Monday, September 03, 2012

As you might expect, a very slow news day. Our digest of, and commentary on today's Florida political news and punditry follows.

Florida has lost jobs since the beginning of the year

"Even though the governor likes to tout Florida's economic revival, federal figures show that most of the progress in the labor market occurred last year, and that 2012 has produced relatively anemic job growth in the private sector."

Add government layoffs to the mix, and the state has actually lost jobs since the beginning of the year.

"It's been pretty slow," said Rollins College economist Bill Seyfried. "The labor market has softened."

The Scott administration regularly highlights its economic achievements, pointing out that since December 2010, Florida has added about 130,000 private-sector jobs and trimmed unemployment by 2.3 percentage points — from 11.1 percent to 8.8 percent.

In a recent news release, Scott's office wrote that the state "continues to see evidence" that the governor's strategy "for growing private-sector jobs is the right direction for Florida's economy."

But in 2012, businesses have added just 7,800 total jobs, an average of 1,100 a month.
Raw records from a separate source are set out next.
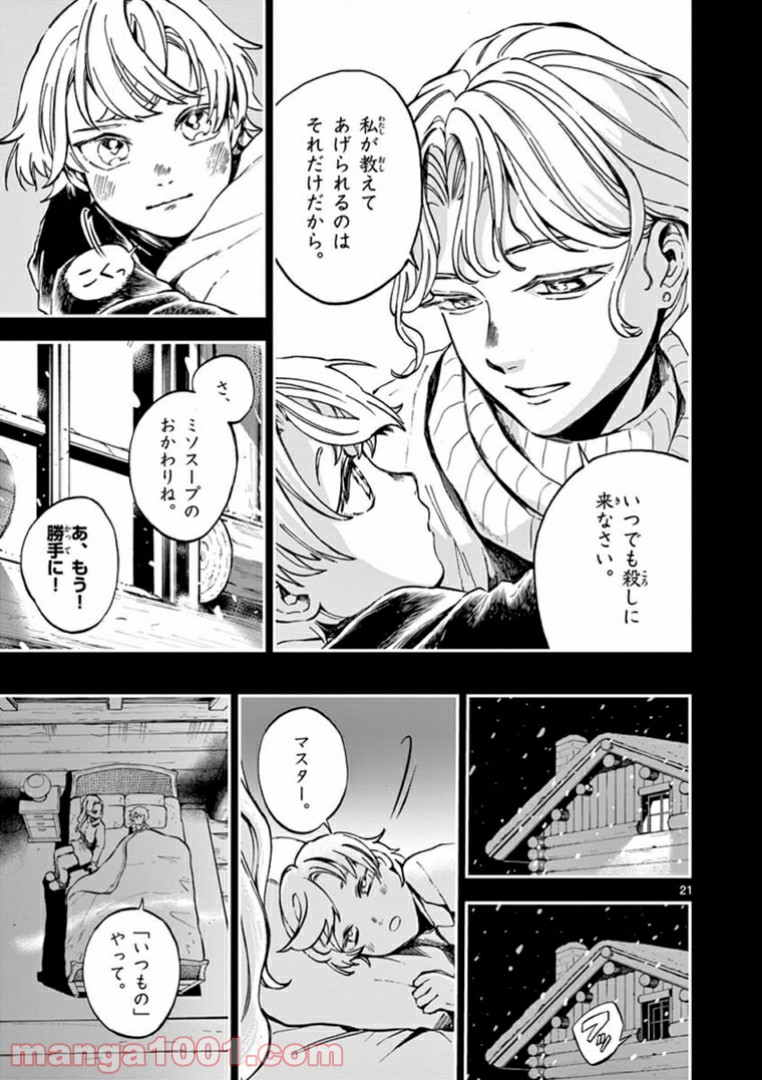 P21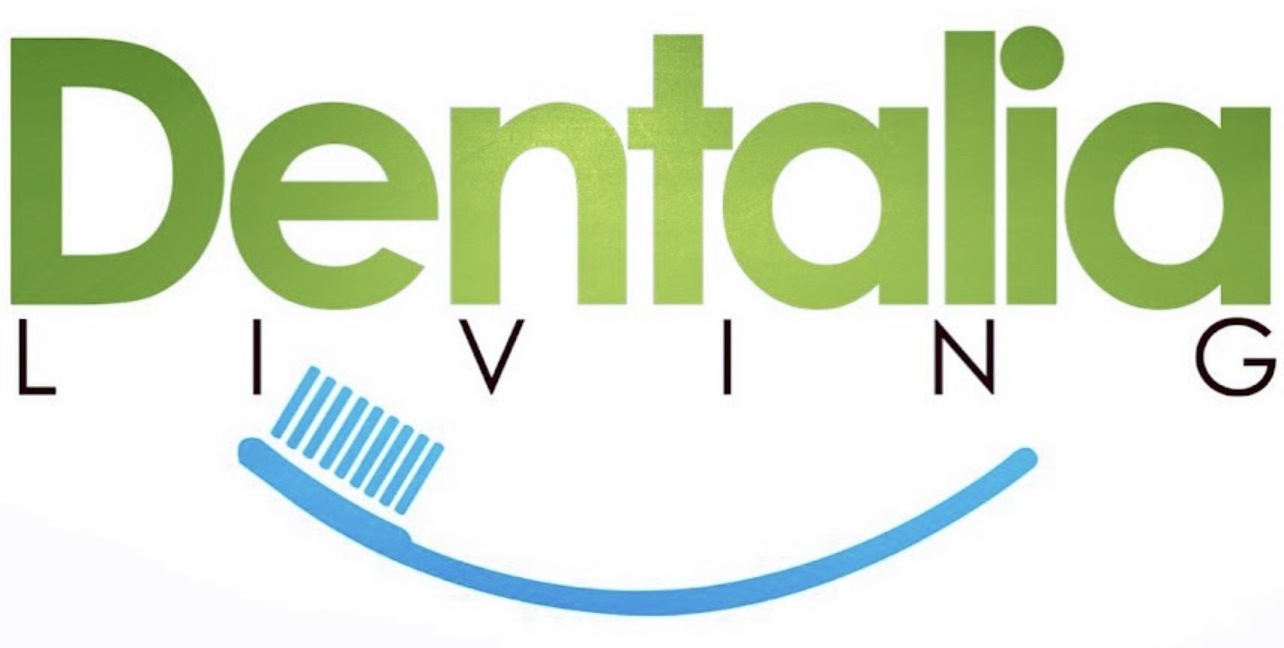 DENTALIA LIVING 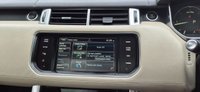 USED 2014 14 LAND ROVER RANGE ROVER SPORT 3.0 SD V6 Autobiography Dynamic SUV 5dr Diesel Auto 4WD Euro 5 (s/s) (292 ps) SLIDING PANORAMIC ROOF,SIDE STEPS,FULL SERVICE HISTORY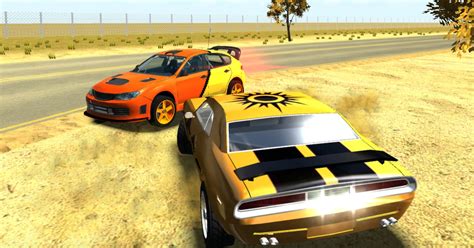 car games 3d simulator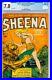 Sheena-Queen-of-the-Jungle-1-CGC-7-0-Fiction-House-1942-Key-Golden-Age-K10-cm-01-dwut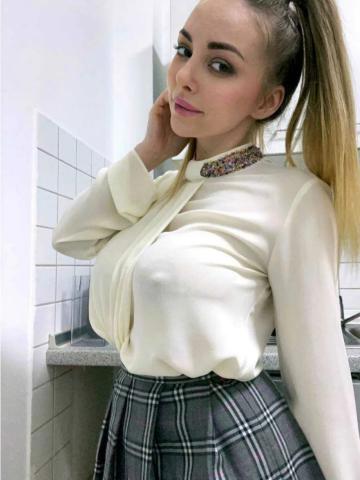 Таисия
The public sector, meanwhile, has shed 9,600 jobs, so total jobs are down by 1,800.

January got the year off to a rough start. Total employment fell by about 35,000, a drop that economists have struggled to explain.

"Scott touts gains, but job growth slows this year".

"A force for moderation"

"Right, left; conservative, liberal; red, blue. The Jewish Federation of South Palm Beach County's new chief executive says Jews need to discard these labels that divide and bring back an old-fashioned value: civility." "New Jewish Federation CEO a force for moderation".

"See past the charade and just say no"

The Tampa Bay Times editorial board: "If there is a silver lining in Florida's real estate bust, it may be this: Inequities created under the state's Save Our Homes property tax limit have been greatly diminished, meaning neighbors in identical homes are far more likely to be paying closer to the same tax bills. But none of that seems to matter in Tallahassee, where legislators are seeking voter approval for a new set of niche tax breaks. Despite what clever campaign ads financed by special interests say, Amendment 4 on the November ballot will do far more harm than good. It will be up to voters to see past the charade and just say no." "Amendment affront to tax fairness".

What, me worry?

Jeremy Wallace: "Pete Sessions, the Texas congressman and chairman of the National Republican Congressional Committee, doesn’t have much worry about Buchanan these days despite the legal issues he faces." "Standing up for Buchanan".

Vern and Paulie are lunch pals

Jeremy Wallace: "When Republican presidential hopeful Mitt Romney picked Paul Ryan as his running mate, he picked one of U.S. Rep. Vern Buchanan’s favorite lunch pals." "Rep. Buchanan frequently lunches with Paul Ryan".

"Turf war" between competing ballot-brokers

"As the storm of ballot-fraud allegations swirls in Hialeah, a public housing complex that was the stomping grounds of a man charged in the case was the site of a possible turf war last year between competing ballot-brokers." "Possible ballot turf war leads to minor mayhem in Hialeah".